Приходится сделать вывод, что ни волнующие путешествия, позволившие открыть новые земли, ни блистательные открытия в науках, ни последовавшие за ними важные изобретения не могли быть причиной резкого и устойчивого роста производительности и заработной платы в XIX веке в экономиках Западной Европы и Северной Америки, вступивших в стадию «взлета». Скорее, взрывной рост экономических знаний в XIX веке должен быть следствием возникновения совершенно нового типа экономики — системы порождения эндогенных инноваций, которые могли поддерживаться многие десятилетия, пока система продолжала работать. Только такое структурирование этих экономик, которое способствовало внутренней креативности, прокладывая пути от этой креативности до инноваций, то есть обеспечивая то, что мы можем назвать эндогенной инновацией, могло вытолкнуть эти страны на крутую тропу устойчивого роста. Если здесь и было какое-то фундаментальное «изобретение», то оно состояло в оформлении таких экономик, которые в своих попытках создания инноваций опирались на креативность и интуицию, заключавшиеся внутри них самих. Это были первые в мире современные экономики. Их экономический динамизм превратил их в чудо современности.

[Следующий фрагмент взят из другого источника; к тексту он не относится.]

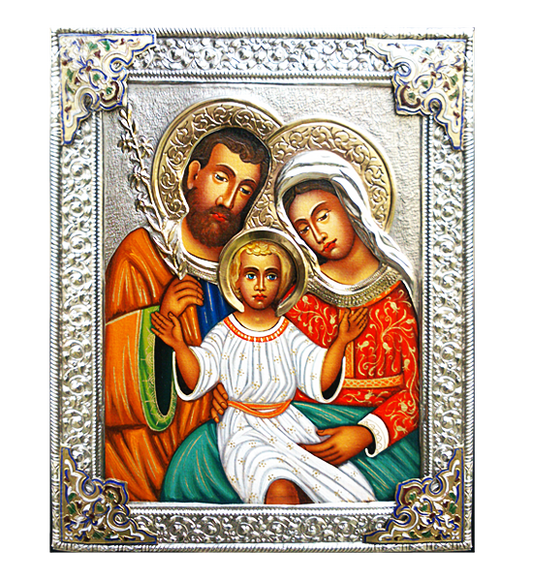Silver-plated Icon of The Holy Family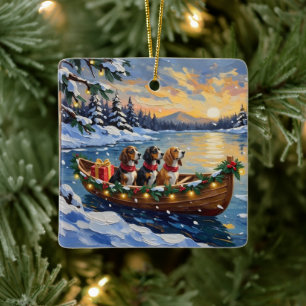 Basset Hound Kerstboot Vakantie Keramisch Ornament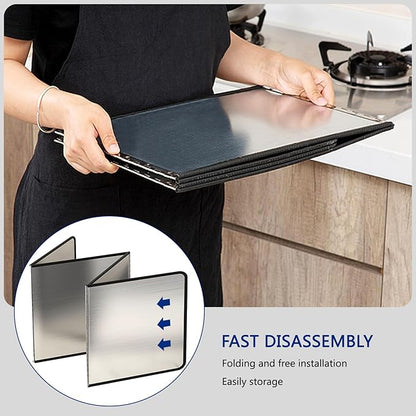 4 Sided Grease Splatter Guard Foldable Splatter Guard for Stove Stainless Steel Oil Splatter Screens Backsplash for Wall Gas Range Frying Pan Camping (11.8×31.5×15.7inches)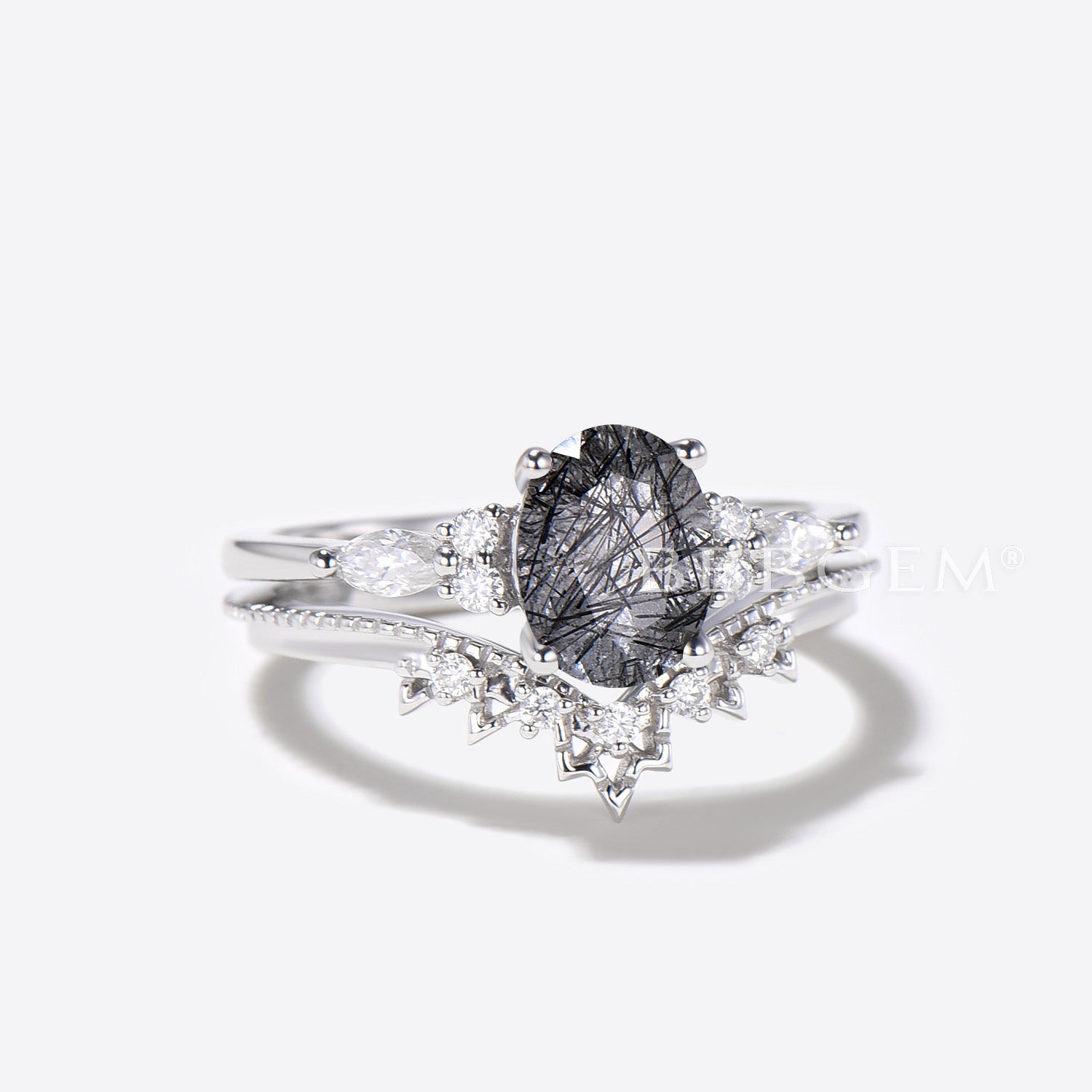 Oval Black Rutilated Quartz Engagement Ring - 14K White Gold Moissanite Bridal Set for Women - Perfect for Weddings, Anniversaries & Romantic Proposals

Нам нет нужды на основе данных о росте производительности делать вывод о наличии (или отсутствии) динамизма, подобно тому, как физики делают вывод о существовании темной материи и темной энергии. Революция в обществах, обладающих экономиками, вступившими в стадию «взлета», распространилась далеко за пределы этого небывалого феномена — постоянного и внешне устойчивого роста. Когда увеличилось число первых предпринимателей, которые в конце концов затмили собой торговцев, и когда все больше людей стало заниматься новыми методами и продуктами, то есть внедрять их и придумывать, для все большего числа участников стал радикально меняться сам опыт труда. Повсюду — и в розничной торговле, и в текстильной промышленности, и на «Улице жестяных кастрюль» (Tin Pan Alley)15 — люди в своей массе стали заниматься придумыванием, созданием, оценкой и проверкой нового и обучением на опыте.